ーーダンスミュージックでループ感のあるもの。

夏川 ですね。そもそものShiggy Jr.の音楽的なセンスに共感していて、そこと上手くコラボレーションしたいなと。原田さんに限らず初めてご一緒する方には必ず「まず一旦自由に、あまり深く考えずに作ってみてください」とお伝えしていて。「無理にかわいくしようとしなくていいですよ」みたいな。やっぱり皆さん気を遣ってくださるんですよ。「声優さんだし、女の子だし」とか、多分私服の感じからしても「強い女性」みたいな印象もないだろうし。だから結構ふんわりした曲を作っていただけることもあって。そこは気にせずに、ゴリゴリやってるので大丈夫ですということはお伝えしてます。
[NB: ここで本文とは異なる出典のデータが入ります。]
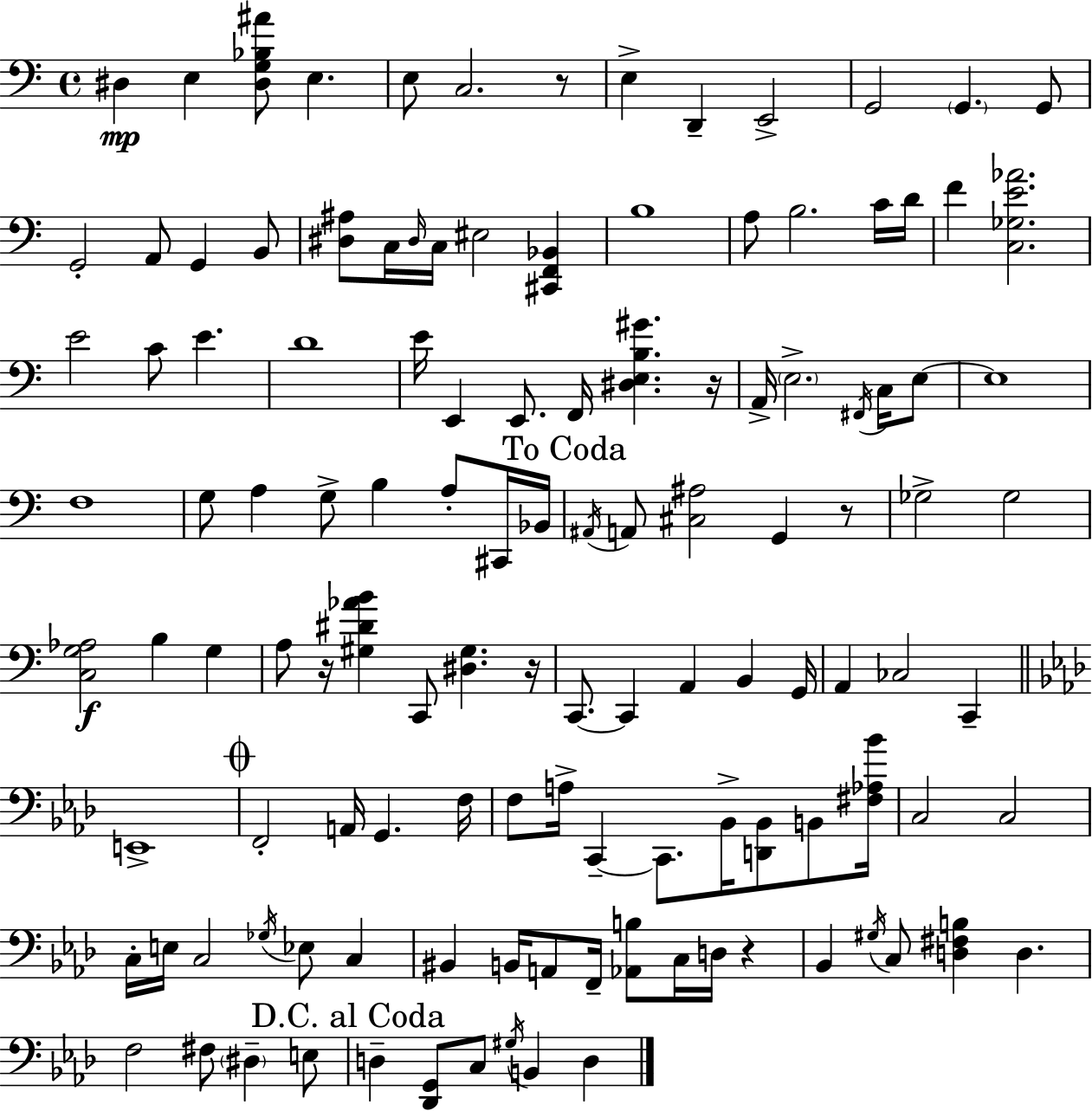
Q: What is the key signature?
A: C major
ーー「女性声優の音楽活動」という看板で気を遣われることがあるんですね。

夏川 そうですね、コンペの時とかにやっぱりそれを反映させてくれた曲が上がってくることが多いです。私はあえてそういう看板ではやっていないですし、今までやってきた方向性もあるので、作家の方とお話しする機会があるなら「そこは頭から外してもらって大丈夫です」っていつもお願いしていますね。

ーー実際に上がってきた楽曲はいかがでしたか?

夏川 まずもうめちゃくちゃ嬉しかったです。Shiggy Jr.の新曲を聴いたみたいな気持ちになって。

ーーまずは一旦ファンとして喜んで。

夏川 そうそう!「この世に存在しないShiggy Jr.の曲を私は聴いている!」って(笑)。デモの段階から既にそれを感じていたので、嬉しいし、しかも「これ、私が歌っていいんだ」って思いましたね。繰り返されるフレーズとか、初めて聴く人でもノリやすいリズムとか、今までの私の楽曲にはあまりないキャッチーさがあって。キャッチーであることはそのまま今回のアルバムのテーマでもあるので、すごくぴったりだなと思いましたね。
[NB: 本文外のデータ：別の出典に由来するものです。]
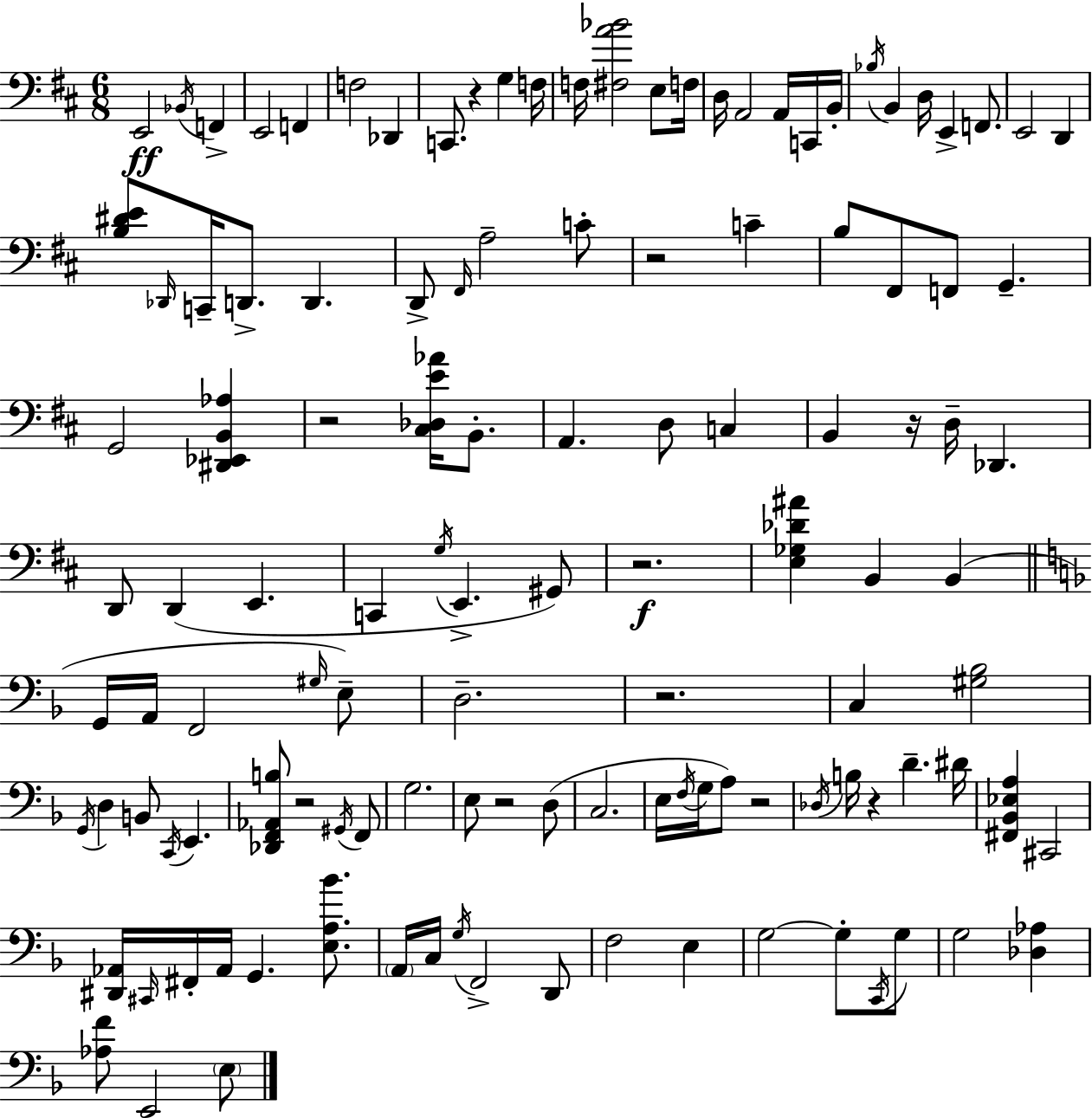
X:1
T:Untitled
M:6/8
L:1/4
K:D
E,,2 _B,,/4 F,, E,,2 F,, F,2 _D,, C,,/2 z G, F,/4 F,/4 [^F,A_B]2 E,/2 F,/4 D,/4 A,,2 A,,/4 C,,/4 B,,/4 _B,/4 B,, D,/4 E,, F,,/2 E,,2 D,, [B,^DE]/2 _D,,/4 C,,/4 D,,/2 D,, D,,/2 ^F,,/4 A,2 C/2 z2 C B,/2 ^F,,/2 F,,/2 G,, G,,2 [^D,,_E,,B,,_A,] z2 [^C,_D,E_A]/4 B,,/2 A,, D,/2 C, B,, z/4 D,/4 _D,, D,,/2 D,, E,, C,, G,/4 E,, ^G,,/2 z2 [E,_G,_D^A] B,, B,, G,,/4 A,,/4 F,,2 ^G,/4 E,/2 D,2 z2 C, [^G,_B,]2 G,,/4 D, B,,/2 C,,/4 E,, [_D,,F,,_A,,B,]/2 z2 ^G,,/4 F,,/2 G,2 E,/2 z2 D,/2 C,2 E,/4 F,/4 G,/4 A,/2 z2 _D,/4 B,/4 z D ^D/4 [^F,,_B,,_E,A,] ^C,,2 [^D,,_A,,]/4 ^C,,/4 ^F,,/4 _A,,/4 G,, [E,A,_B]/2 A,,/4 C,/4 G,/4 F,,2 D,,/2 F,2 E, G,2 G,/2 C,,/4 G,/2 G,2 [_D,_A,] [_A,F]/2 E,,2 E,/2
ーー歌詞においてもShiggy Jr.らしさは残しつつも、ちゃんと歩み寄ってくれた着地点に聴こえますね。

夏川 そうですね、Shiggy Jr.らしいあまり棘の目立たないポップな日本語ではありつつ。原田さんとお話しした時にも『CRACK and FLAP』という言葉に込めた思いをお伝えして。私が壁だとか困難だとかにぶつかったときに、あまり正攻法で乗り越えには行かないんですよ(笑)。なんとかして色んな方法で避けたり壊したりしながらここまで進んできて、でもそれを肯定するようなアルバムになったらいいなって。そんな話をしていたので、サビの繰り返しの歌詞から汲み取っていただけたのを感じました。“敷かれたレール 興味ない”とか“泣きべそかいてたって 何一つ変わらないだろ”とか、とてもいいなって思いました。
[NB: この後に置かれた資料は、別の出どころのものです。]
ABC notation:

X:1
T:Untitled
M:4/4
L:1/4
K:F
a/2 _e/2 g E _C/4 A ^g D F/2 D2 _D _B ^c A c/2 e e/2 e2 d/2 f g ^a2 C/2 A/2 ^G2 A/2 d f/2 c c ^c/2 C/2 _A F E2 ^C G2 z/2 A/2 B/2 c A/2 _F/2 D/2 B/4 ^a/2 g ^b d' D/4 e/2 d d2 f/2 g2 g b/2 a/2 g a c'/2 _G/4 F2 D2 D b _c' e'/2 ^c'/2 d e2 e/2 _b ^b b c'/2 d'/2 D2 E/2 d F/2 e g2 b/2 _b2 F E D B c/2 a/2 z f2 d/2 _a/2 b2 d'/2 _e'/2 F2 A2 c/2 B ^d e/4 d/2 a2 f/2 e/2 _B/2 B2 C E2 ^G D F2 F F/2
ーーこれまで夏川椎菜さんの哲学を夏川さん自身の毒や棘をもって表現してきたものが、新しく参加された原田さんによって一番平易な誰にでも理解できる言葉で翻訳されると、こんなに素直な曲になるんだと。

夏川 そう!素直だなってなりますよね。私はつい奇をてらって色んな言葉や比喩を使っちゃうんですけど、真っ直ぐ伝えられるのはやっぱり良いことだなと。そういう曲が入っているのは良いことだなと思いますね。